Si la forêt de Paimpont n'en est qu'un vestige, elle reste avec ses
brumes et ses eaux dormantes, un lieu plein de mystères.
Au 5ème siècle, l'Argoat couvre toute la Bretagne d'une forêt de chênes
et de hêtres dont Paimpont est l'ultime vestige important.
C'est aussi le refuge de populations encore païennes imprégnées de
traditions nordiques.
Les migrations bretonnes des 7ème et 8ème siècles vont poser sur ce
substrat de vieilles croyances des légendes d'outre-Manche.
Les moines du 9ème siècle vont intégrer ces mythes anciens à la religion
chrétienne pour mieux propager leurs doctrines
Au 12ème siècle, Chétien de Troyes, un des nombreux auteurs du roman
courtois, reprend la matière de Bretagne pour faire de la forêt le cadre
des exploits de ses héros et invente Brocéliande dans "Perceval ou le
conte du Graal"
Wace a séjourné en forêt de Paimpont est s'est sans doute inspiré de ces
lieux (la Fontaine de Jouvence, Comper) au fur et à mesure de ses
promenades pour associer ses récits à ces lieux magiques.
Brocéliande est alors située en Bretagne, sans que l'on puisse lui
attribuer un emplacement précis.
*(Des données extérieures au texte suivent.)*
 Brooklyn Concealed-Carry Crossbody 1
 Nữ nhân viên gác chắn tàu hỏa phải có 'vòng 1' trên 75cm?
Ce n'est qu'au 19ème siècle, que la
forêt du Graal est identifiée au plus grand domaine forestier breton.
Les aristocrates et érudits locaux, en quête d'identité régionale et
d'origines celtes, s'emparent de la forêt de Paimpont pour en faire un
haut site de légendes . Une gorge impénétrable est choisie pour
désigner le Val sans retour, un étang devient le Miroir aux fées. La
Fontaine de Barenton est identifiée.
Il reste qu'à parcourir les sentiers de la forêt bretonne, pour
découvrir les vallonnements feuillus où s'accrochent et se déchirent des
écharpes de brume, même sous le soleil estival, que l'on peut le mieux
ressentir au fond de soi, encore aujourd'hui, cette remontée des plus
anciens archétypes de l'âme humaine qui devaient avoir les visages de
Merlin et Viviane, d'Arthur et Morgane, Guenièvre et Lancelot.